• EXERCISE OBJECTIVE
Below are some records; output exactly the lines from the line with "萌娃、萌宠纷纷抢镜！今年高考作文，深圳学生躺赢？" to the line with "Siberian huskies are", both ends kept, and nothing more.

• SOURCE DATA
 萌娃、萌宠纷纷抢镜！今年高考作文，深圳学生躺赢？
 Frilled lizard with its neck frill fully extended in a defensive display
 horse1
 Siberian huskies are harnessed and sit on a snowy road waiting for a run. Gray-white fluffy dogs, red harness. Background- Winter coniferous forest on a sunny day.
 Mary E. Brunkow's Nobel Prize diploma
...
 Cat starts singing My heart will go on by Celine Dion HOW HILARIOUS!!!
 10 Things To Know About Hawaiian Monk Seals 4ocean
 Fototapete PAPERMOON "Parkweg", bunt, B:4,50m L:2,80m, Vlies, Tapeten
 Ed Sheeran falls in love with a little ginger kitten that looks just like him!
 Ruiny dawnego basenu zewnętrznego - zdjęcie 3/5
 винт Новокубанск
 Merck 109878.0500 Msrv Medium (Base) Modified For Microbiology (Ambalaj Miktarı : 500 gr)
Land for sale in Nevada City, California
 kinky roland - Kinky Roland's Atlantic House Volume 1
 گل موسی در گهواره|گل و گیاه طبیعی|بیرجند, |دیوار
---
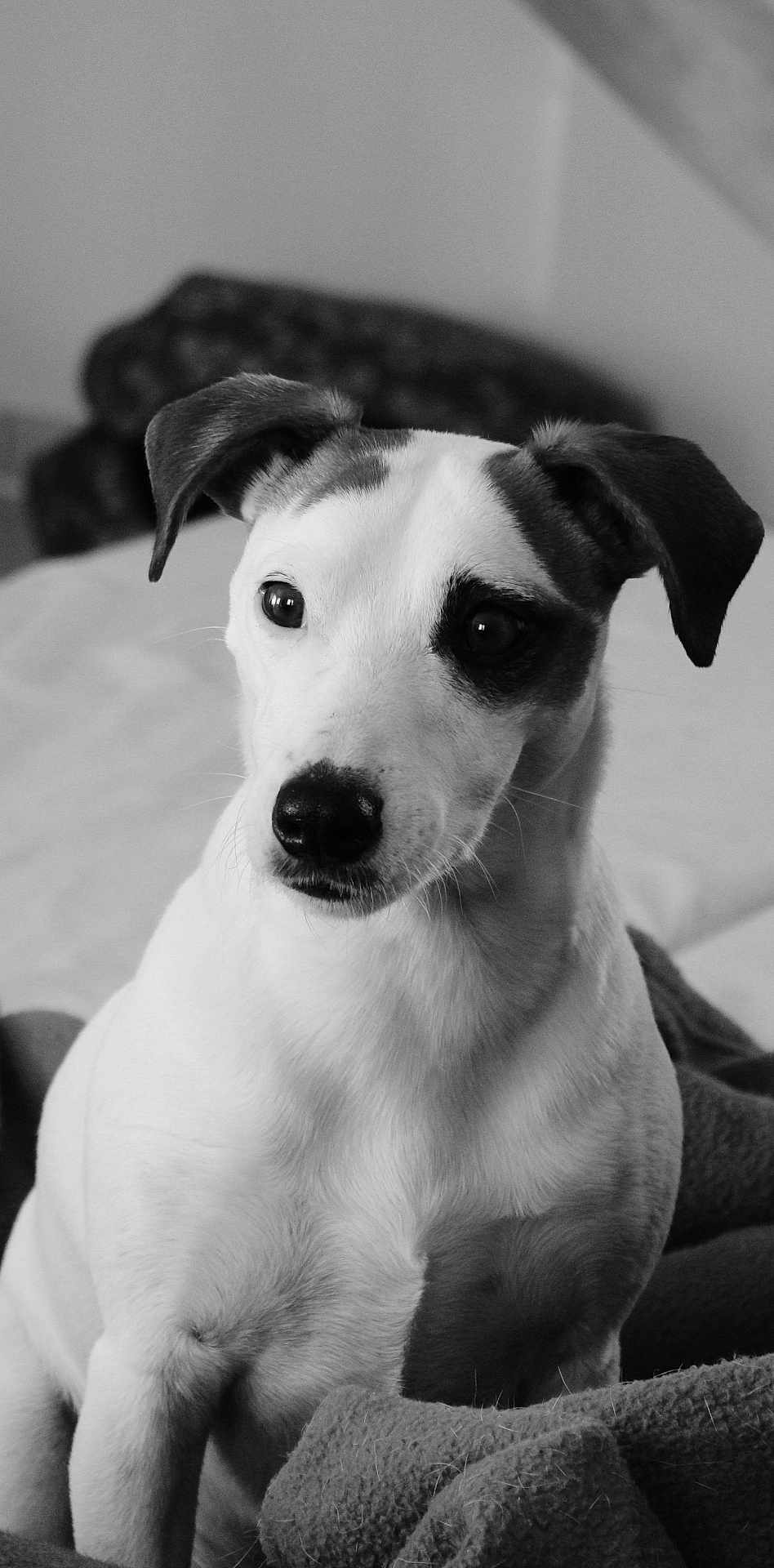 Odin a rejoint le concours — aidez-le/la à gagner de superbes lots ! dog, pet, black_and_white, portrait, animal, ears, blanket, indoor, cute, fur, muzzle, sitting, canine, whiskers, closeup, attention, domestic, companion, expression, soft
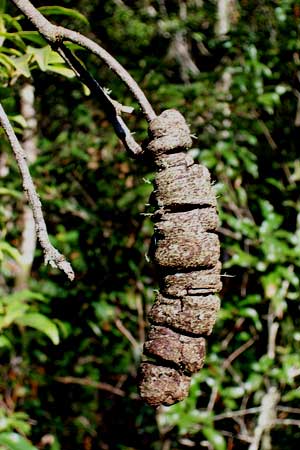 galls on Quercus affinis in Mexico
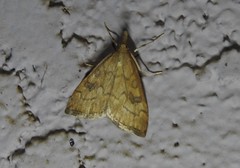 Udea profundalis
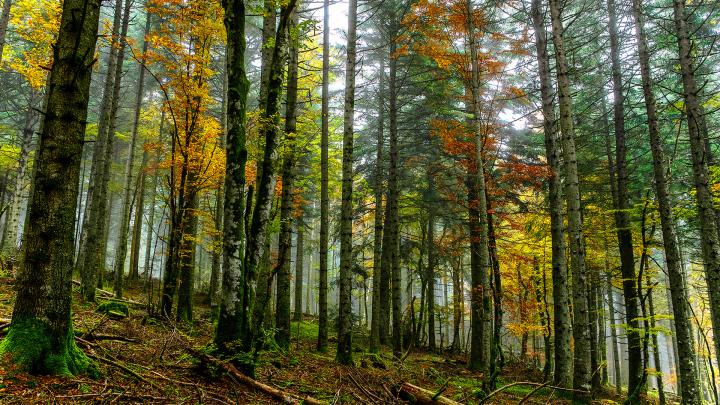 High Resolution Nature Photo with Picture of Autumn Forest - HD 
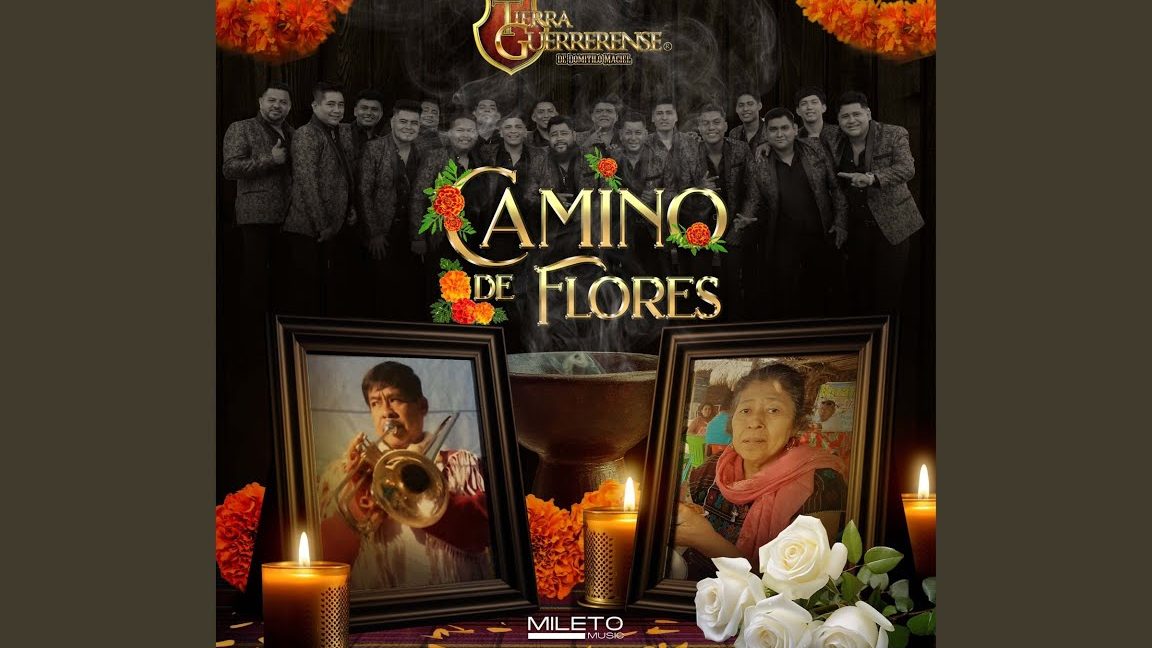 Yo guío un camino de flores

• TASK OUTPUT
 萌娃、萌宠纷纷抢镜！今年高考作文，深圳学生躺赢？
 Frilled lizard with its neck frill fully extended in a defensive display
 horse1
 Siberian huskies are harnessed and sit on a snowy road waiting for a run. Gray-white fluffy dogs, red harness. Background- Winter coniferous forest on a sunny day.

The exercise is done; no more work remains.